Cosa poteva fare Dimitar Berbatov quando è entrato sul terreno di gioco di Upton Park con la sua squadra sotto di tre gol? Ci ha provato, ma alla fine il Fulham ha perso comunque per 3-0 contro il West Ham in quello che il bulgaro non ricorderà di certo come l’esordio dei suoi sogni (per la cronaca è subentrato a Petric ad inizio secondo tempo). Di sicuro ci si aspettava di più da lui quest’oggi e questa volta Berbatov non ha fallito l’appuntamento: nella conferenza stampa da lui stesso indetta in quel di Sofia, l’attaccante ex Manchester United non si è nascosto e ha spiegato tout-court i motivi che lo hanno indotto a scegliere i Cottagers (a discapito di Fiorentina e Juve). Innanzitutto rifiuta di sentire la parola tradimento:

“Per qualcuno il Fulham è una piccola squadra ma io stesso forse non sono la stessa persona di due anni fa. C’erano alcuni club che mi volevano, ma non ho mai preso alcun impegno con nessuno. Ho detto sì al Fulham, e non ho mai detto alle altre due società (Fiorentina e Juventus, ndr), che hanno pianto come se fossero state tradite, che avrei giocato per loro. Scelgo io dove giocare. Capisco che la Fiorentina sia delusa, quando una cosa non va in porto ci si può sentire offesi, ma io penso ai miei interessi e ascolto le persone che mi sono più vicine”.

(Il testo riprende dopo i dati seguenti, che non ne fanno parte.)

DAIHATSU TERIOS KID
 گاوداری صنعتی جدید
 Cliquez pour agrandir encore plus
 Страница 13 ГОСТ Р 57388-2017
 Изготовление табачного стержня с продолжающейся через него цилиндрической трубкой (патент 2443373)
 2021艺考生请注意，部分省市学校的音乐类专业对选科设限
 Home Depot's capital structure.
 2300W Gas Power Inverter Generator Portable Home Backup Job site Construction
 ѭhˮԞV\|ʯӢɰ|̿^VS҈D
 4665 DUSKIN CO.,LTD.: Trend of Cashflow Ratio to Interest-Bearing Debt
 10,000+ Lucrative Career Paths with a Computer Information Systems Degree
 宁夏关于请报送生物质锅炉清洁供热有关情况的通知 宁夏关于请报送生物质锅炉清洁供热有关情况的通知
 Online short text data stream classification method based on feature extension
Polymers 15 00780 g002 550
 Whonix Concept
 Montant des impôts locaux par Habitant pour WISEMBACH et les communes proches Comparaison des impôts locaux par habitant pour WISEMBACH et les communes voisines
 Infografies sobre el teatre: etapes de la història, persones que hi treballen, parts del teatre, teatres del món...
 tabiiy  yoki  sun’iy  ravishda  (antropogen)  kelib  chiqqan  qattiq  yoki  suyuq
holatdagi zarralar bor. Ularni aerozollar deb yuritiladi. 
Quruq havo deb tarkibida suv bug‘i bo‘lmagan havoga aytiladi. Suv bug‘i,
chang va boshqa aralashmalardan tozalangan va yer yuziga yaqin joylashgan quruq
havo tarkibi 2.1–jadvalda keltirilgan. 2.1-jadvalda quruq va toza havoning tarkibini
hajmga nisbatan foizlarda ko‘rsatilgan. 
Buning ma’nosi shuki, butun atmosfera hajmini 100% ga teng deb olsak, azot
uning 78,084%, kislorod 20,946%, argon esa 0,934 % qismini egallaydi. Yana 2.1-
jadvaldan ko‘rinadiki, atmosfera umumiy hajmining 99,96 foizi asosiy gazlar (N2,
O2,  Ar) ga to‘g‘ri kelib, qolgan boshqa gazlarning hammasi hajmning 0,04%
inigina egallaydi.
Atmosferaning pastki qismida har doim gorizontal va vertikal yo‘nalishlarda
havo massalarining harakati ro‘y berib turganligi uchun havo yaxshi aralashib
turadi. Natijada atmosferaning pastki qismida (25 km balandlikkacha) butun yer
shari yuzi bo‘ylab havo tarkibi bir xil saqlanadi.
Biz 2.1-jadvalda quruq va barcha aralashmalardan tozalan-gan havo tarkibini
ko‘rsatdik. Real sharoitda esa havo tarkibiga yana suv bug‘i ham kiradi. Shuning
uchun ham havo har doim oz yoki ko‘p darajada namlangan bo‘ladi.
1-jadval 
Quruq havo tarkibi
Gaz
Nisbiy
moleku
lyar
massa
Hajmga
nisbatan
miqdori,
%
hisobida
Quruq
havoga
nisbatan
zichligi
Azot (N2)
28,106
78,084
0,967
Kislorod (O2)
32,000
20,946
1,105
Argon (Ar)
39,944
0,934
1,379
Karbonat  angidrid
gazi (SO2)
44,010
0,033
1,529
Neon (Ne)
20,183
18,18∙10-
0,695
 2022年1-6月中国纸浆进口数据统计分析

Il riferimento è al suo procuratore Emil Dantchev e soprattutto alla sua famiglia. Berbatov a riguardo scende nei dettagli:

“Ho scelto di tornare in Inghilterra per motivi di famiglia. Io so dove la mia famiglia si trova meglio. Ho un figlio piccolo, e ne avrò un altro. Se non avete una spiegazione logica per la mia scelta, io non posso farci niente. L’Inghilterra mi piace, amo la sua cultura e parlo la lingua, e soprattutto la mia famiglia ci si trova bene. Poi vorrei puntualizzare una cosa, non morirò se non gioco la Champions, voglio soltanto giocare e divertirmi”.

E continuare a guadagnare sui suoi standard: se è vero che si è ridotto l’ingaggio di circa 60mila sterline a settimana, al Fulham ne guadagnerà comunque 70mila (col tetto ingaggio dei londinesi da anni fermo a quota 50mila), cioè circa 4,2 milioni di euro all’anno a fronte degli scarsi due offerti da Fiorentina e Juve (e poi fino a prova contraria il bulgaro era salito sull’aereo diretto a Peretola e messogli a disposizioni dai viola, a dimostrazione che prima che irrompesse Jol con un’offerta due volte, e più, maggiore l’Italia era destinazione gradita o quanto meno accettata). Ma tant’è, il discorso si sposta sui Red Devils e soprattutto sul loro manager Sir Alex Ferguson; il centravanti non le manda a dire all’allenatore scozzese:

“Non penso di aver meritato il trattamento che mi ha riservato lo United, dove ormai da qualche tempo non giocavo più con continuità. Sono andato 10, 15 volte dall’allenatore a chiedere se aveva ancora bisogno di me e ogni volta mi diceva che ero importante, che non dovevo andare via ma poi mi lasciava sempre fuori. Forse sarei dovuto andare via già dopo che mi aveva escluso dalla finale di Champions del 2011. So che Ferguson è il boss, ma ha perso il mio rispetto per come mi ha trattato. Ha provato a spiegarmi che la squadra avrebbe adottato uno stile di gioco più rapido, ma io non sono mai stato tra i giocatori più veloci, a me piace tenere la palla, è il mio modo di giocare. E’ stata dura accettare di dover andare mia ma ho ancora la mia dignità. Ho detto addio alla gente che se lo merita, non a Ferguson”.

Negli ultimi giorni si parlava anche della possibilità che Berbatov avrebbe potuto tornare ad indossare la maglia della Bulgaria, tra l’altro impegnata proprio contro l’Italia venerdì prossimo a Sofia: “Non gioco in Nazionale da 2 anni, è tempo di dare spazio ad altri. Auguro il meglio alla squadra” ha chiosato categorico il nuovo attaccante del Fulham. Capitolo chiuso. Anzi, tanti capitoli chiusi.